Graduate Student Amanda Figueroa discussed the political nature of the Chicano identity in her presentation.
“What the archive preserves through this document is the institutional memory of wanting to reach these populations,” Ms. Figueroa said.
Additionally, coverage of the 1968 “Poor People’s Campaign” in D.C. by GW’s student-run newspaper the GW Hatchet avoids any mention of Chicano organizers such as Corky Gonzalez and Reies Tijerina, Ms. Figueroa said.
“Gonzalez and Tijerina felt that race and class were inexorably linked and could not be dealt with as separate issues,” Ms. Figueroa said. “Their leadership in this campaign contributed to that focus, but in the University Archives we can only find that message recorded from the mouths of student newspaper writers.”
Religion in Academics and Practice
Mr. Lisbon said he was drawn to the topic of religion because of his own relationship with it. As an active leader in GW campus ministry, he had a nagging feeling religion was being overlooked.
“Rather than celebrating faith, we often tend to downplay it because of the negative connotations that it has in modern society,” Mr. Lisbon said.
In his research, Mr. Lisbon tracked the level and type of participation in religious communities at GW through archival materials such as photos of chapel services and prep materials for “Religion in Student Life Week.”
He also interviewed Dewey Wallace, GW professor emeritus of Christianity and religion in America. Dr. Wallace proved an invaluable source because he kept a detailed collection of his work and the work of GW students, Mr. Lisbon said.
The project begins with the founding of GW by Baptist missionary Luther W. Rice in 1821 and includes the history of the university’s only chaplain, Steven R. Sizoo, and an exploration of the struggle of the Religion Department to find its footing between religious practice and study.
Map of GW circa 1950.
“There was this idea that ‘we need to keep people in the tradition they were raised in,’” Mr.
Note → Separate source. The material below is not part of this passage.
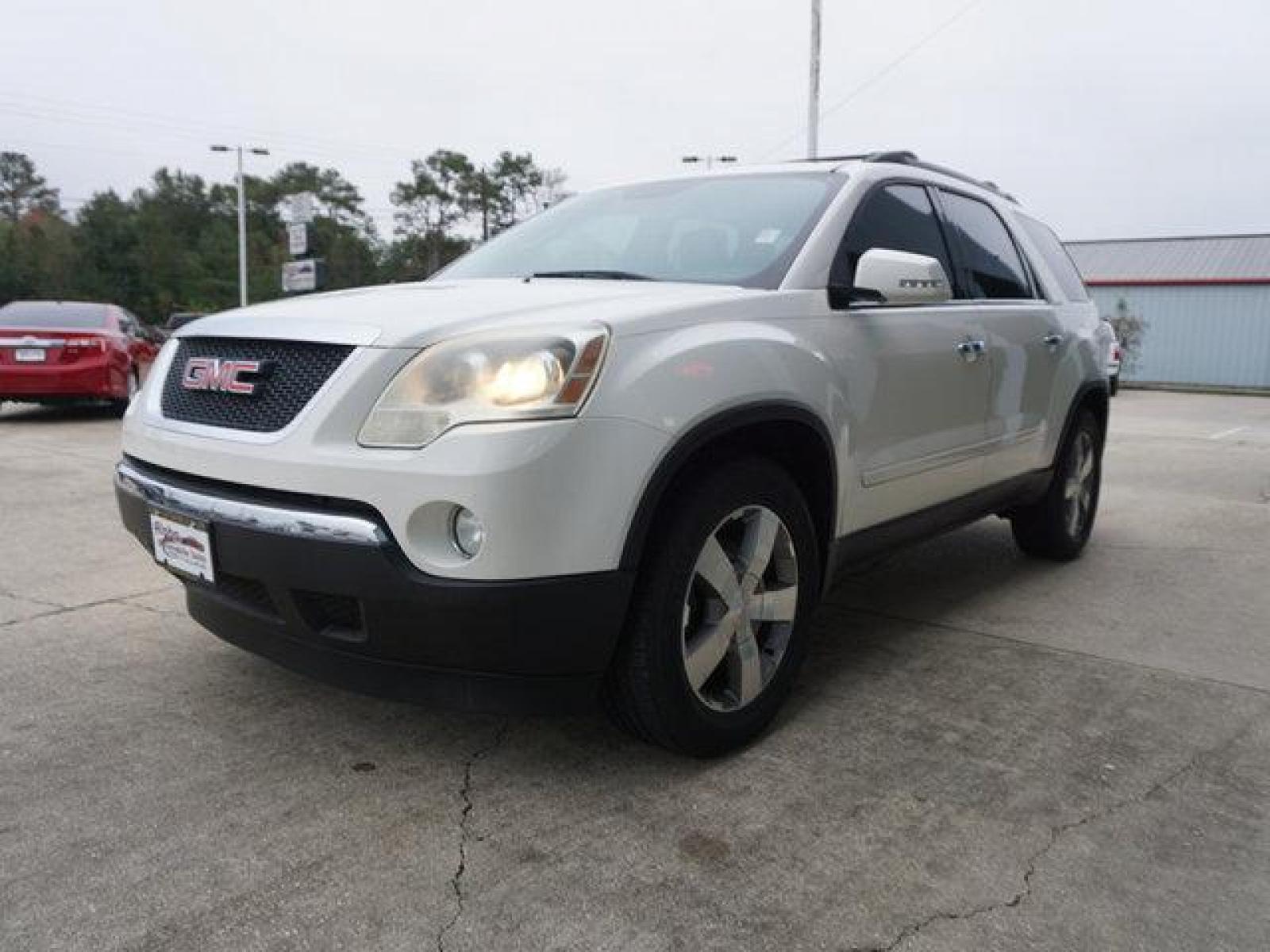 2012 White GMC Acadia (1GKKRRED7CJ) with an 3.6L V6 engine, Automatic transmission, located at 6904 Johnston St., Lafayette, LA, 70503, (337) 988-1960, 30.143589, -92.100601 - Prices are subject to change as improvements done by the service dept. Prices are for Cash sales only, Plus TTL. This Vehicle is Serviced well and Warranties Available too. Easy Financing. Drives Great and everything works. Price subject to change as improvements done by the service dept. Easy CR - Photo #6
Lisbon said. “The religion department didn’t know where they fit in, but eventually focused exclusively on academics.”
A striking element of the history is the “all-faith religious center” proposed by former GW President Thomas Henry Carol in 1961 as a meeting place for all religious communities. The project was canceled when Mr. Carol suddenly died in 1964, Mr. Lisbon said.
Though it was never built, the university archives preserves the idea of an all-faith center at the university.
Mr. Lisbon explained that the university focused mainly on Christianity and Judaism until the mid-1960s when Eastern religions took a more prominent place in university culture. From 1975 to the late 1990s, college campuses became increasingly secular.
Today there is vibrant but less prominent community of 10 religious groups on campus, he said.
“Doing this research gave me a lot of anxiety about the religious community at GW,” Mr. Lisbon said. “What I found was that there are a lot of places where you can find religious conversation and intersectional conversation here at GW, but you have to look for it.”